Why is Lord’s dropping the Eton-Harrow fixture?

There is a sad tendency in modern Britain to denigrate our leading institutions

Spectators at the Eton-Harrow fixture at Lord's Cricket Ground, 1895 (photo: Getty)

In an act of thinly veiled class war, news broke this week that the Marylebone Cricket Club (MCC) has decided to stop hosting two of the longest running fixtures in English cricket history: the annual Eton versus Harrow and Oxford versus Cambridge matches. A sporting tradition that stretches back 200 years is no more, as Lord’s becomes the latest institution to embrace the all-encompassing need for change.

In a written statement, the MCC argued that cancelling the historic fixtures would help ‘broaden’ the fixture list and give a ‘wider range of players’ the chance to play at Lord’s. It’s a strange doublethink: how can removing two fixtures do anything but narrow the fixture list, and offer the opportunity to a ‘narrower range of players’? What is particularly infuriating is that no plans appear to be in place yet for new fixtures to replace the lost matches. As happens so frequently, the MCC has destroyed a much-loved tradition without bothering to think of something to replace it with.

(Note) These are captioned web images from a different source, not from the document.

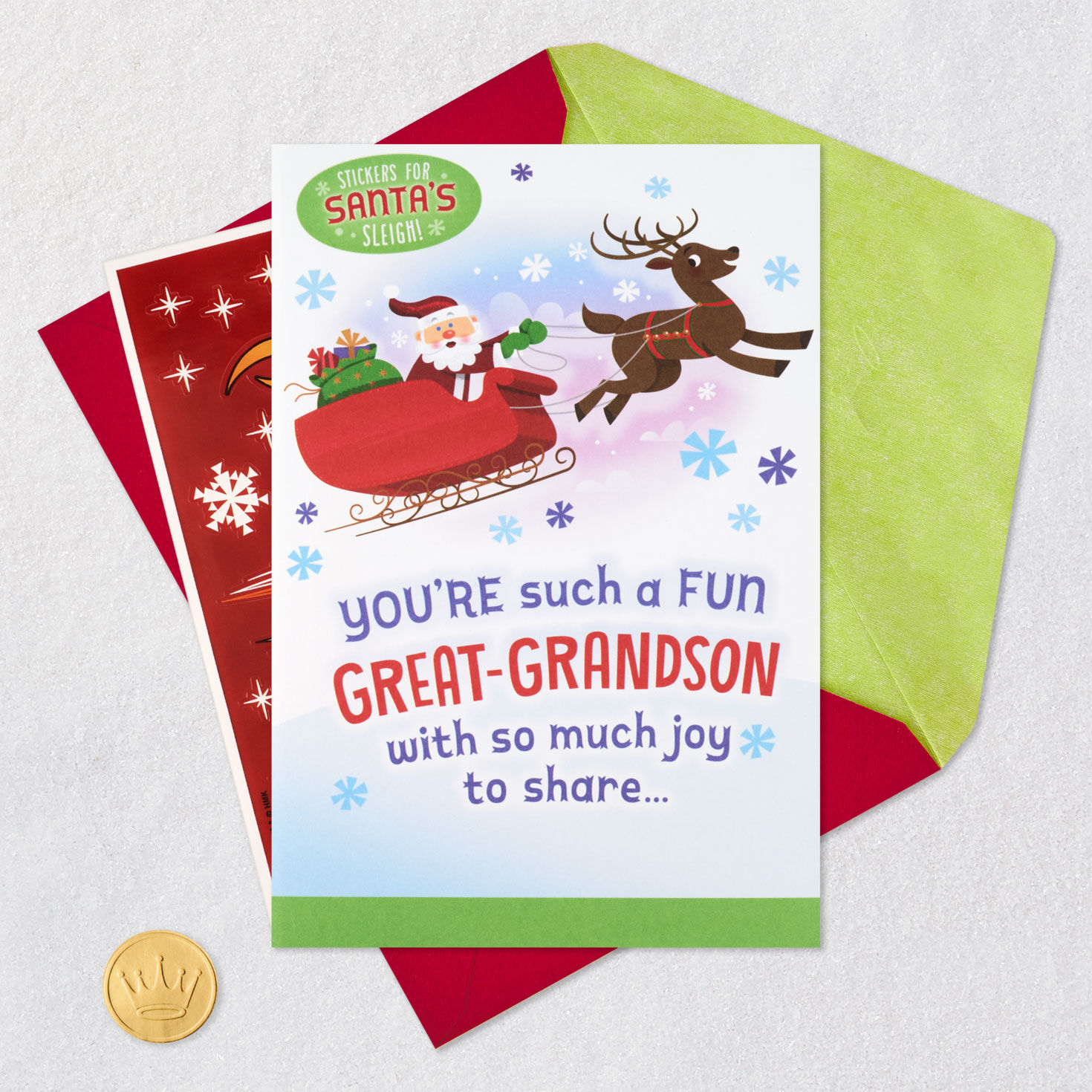 Santa's Sleigh Great-Grandson Christmas Cards Card Front with Envelope and Gold Seal image number 7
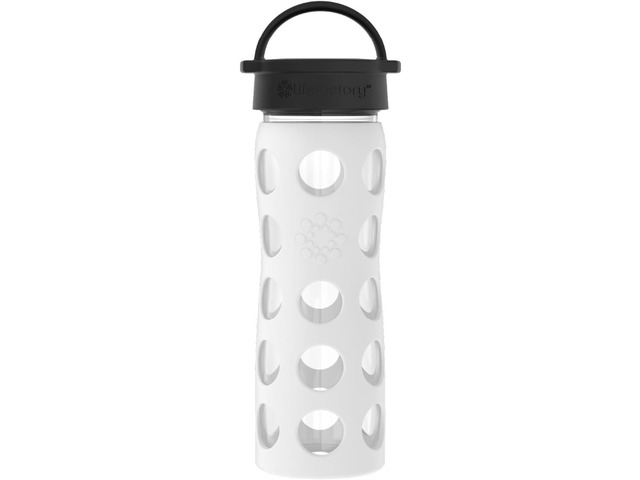 Lifefactory 16oz Glass Water Bottle with Classic Chug Cap, Optic White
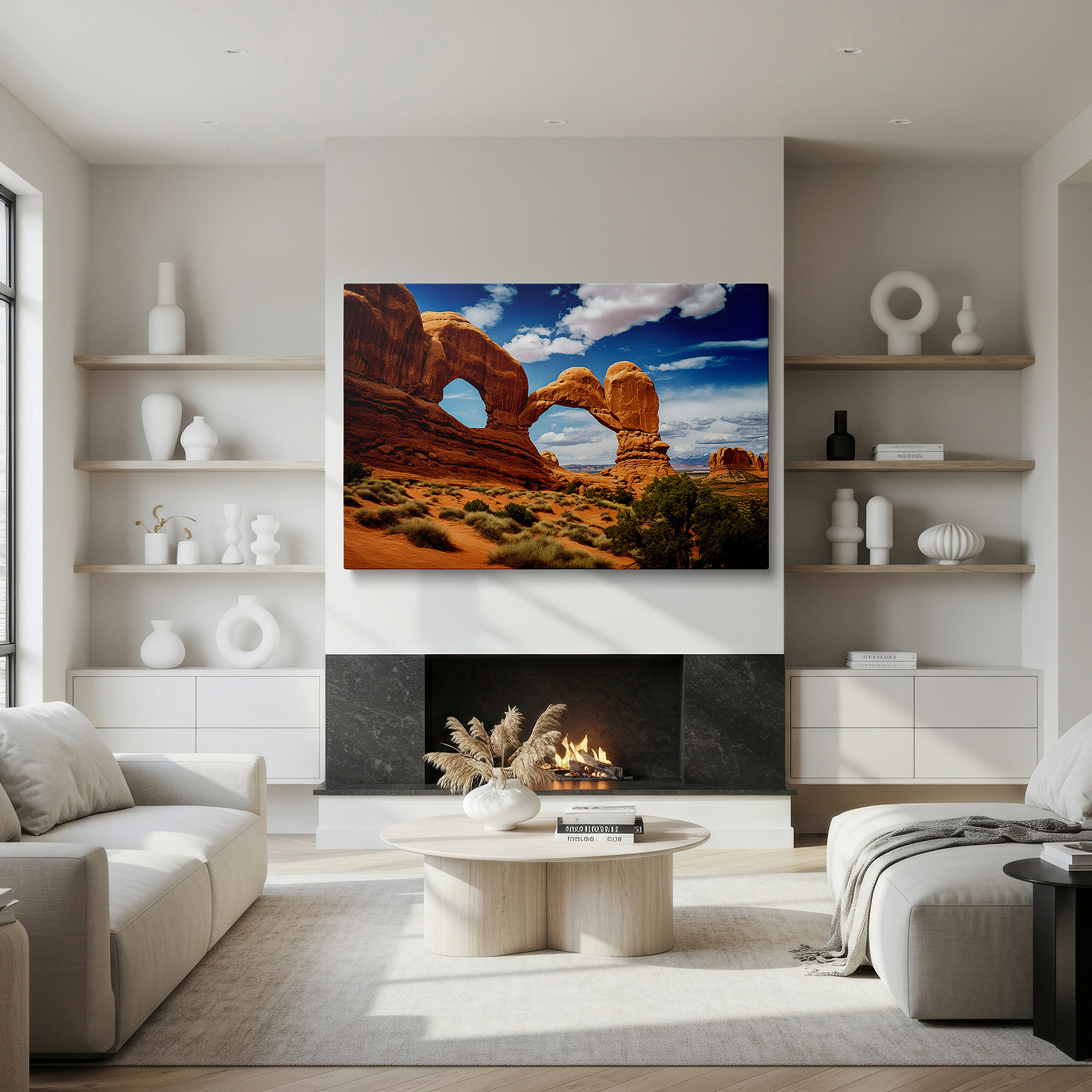 Gently illuminated by ambient lighting in an entryway — wall art: majestic arches of arches national park - timeless natural beauty and serenity. large canvas wall art for home and office decor.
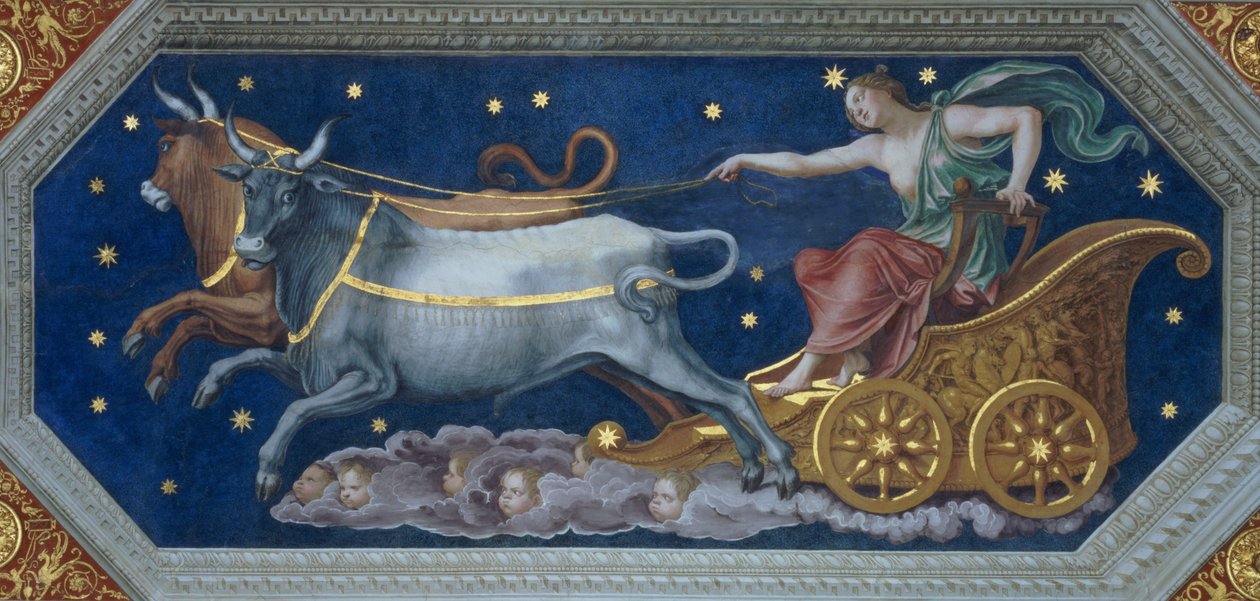 Nymfen Callisto på Jupiters vogn, takdekorasjon fra 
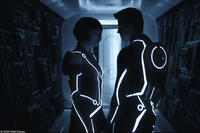Olivia Wilde as Quorra and Garrett Hedlund as Sam Flynn in "Tron: Legacy."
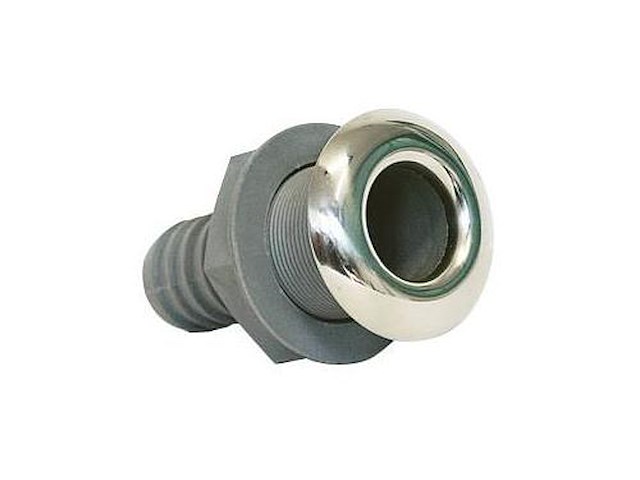 Ombrinale / Scarico a mare in nylon ed acciaio inox - 13 mm. -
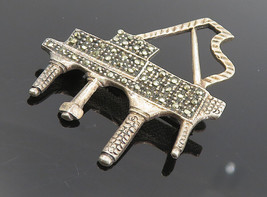 925 Sterling Silver - Vintage Marcasite Grand Piano Motif Brooch Pin - BP3105 - £27.70 GBP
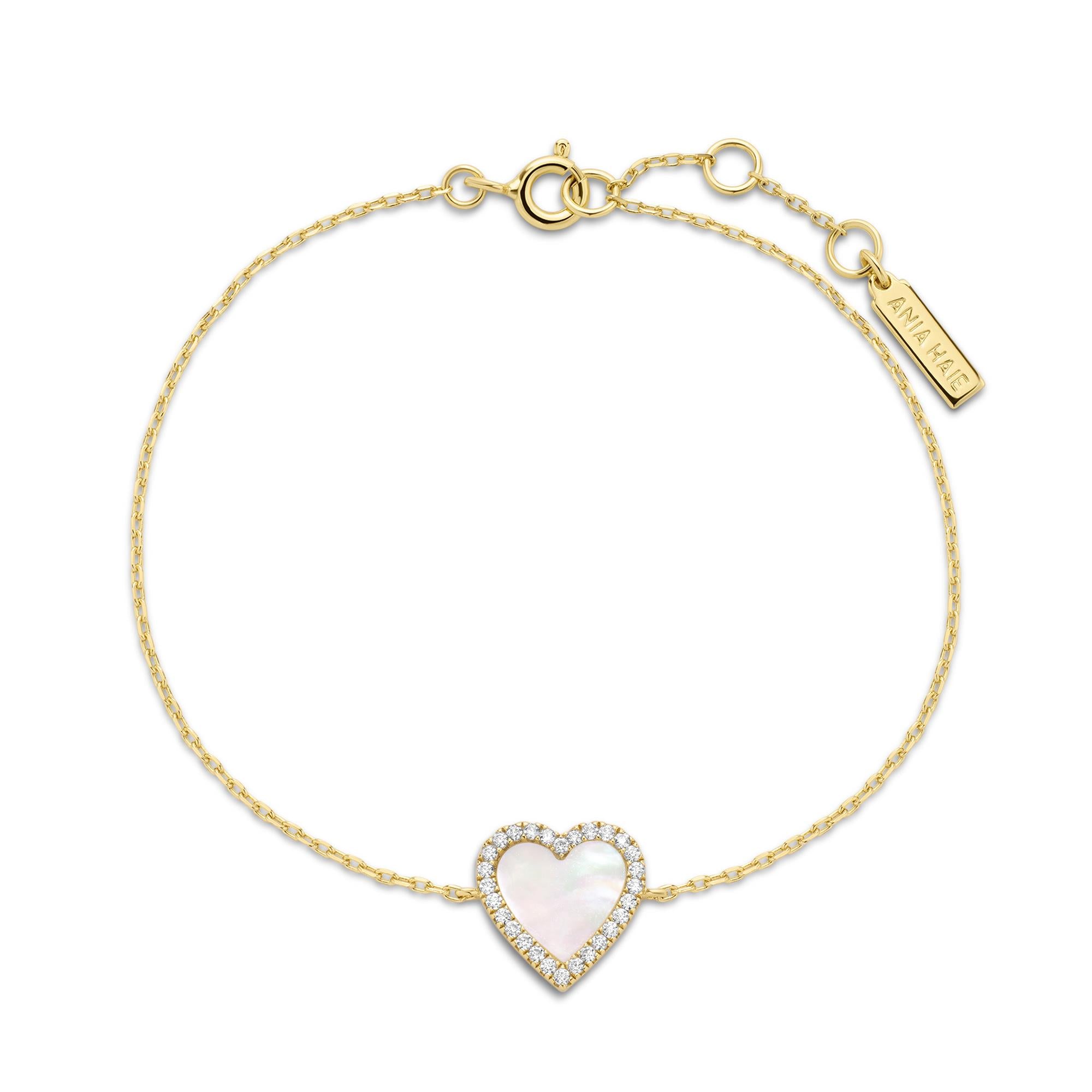 Ania Haie Glimmer Glow Halo Heart rannekoru kulta helmiäinen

It’s hard to escape the conclusion that this is simply a vindictive move on the part of the MCC

In any case, why does it have to be a choice? Nobody would be opposed to more matches being played at Lord’s and genuinely broadening the demographics of those involved. There would be absolutely no reason not to play the final of state-school cricket competitions at Lord’s, say, or to give the country’s best women’s teams the same chance – while keeping this historic fixture in place. Indeed, the Oxford and Cambridge women’s rugby teams joined the men at Twickenham for the first time in 2015 and nobody seems to mind.

But the fact is that the zealots behind this kind of move don’t want that. It’s hard to escape the conclusion that this is simply a vindictive move on the part of the MCC, who wish to bin an English cricketing tradition for no better reason than to distance themselves from misplaced claims of ‘elitism’.

What is especially odd about this episode is the fact that the two university teams have actually supported the initiative. If I had spent my entire youth playing cricket to a high level, worked hard to get into the university cricket team, and spent nights dreaming of playing on the hallowed turf of Lord’s, I would be pretty disappointed to find that I had suddenly been denied that chance in some unsubstantiated attempt to ‘widen access’.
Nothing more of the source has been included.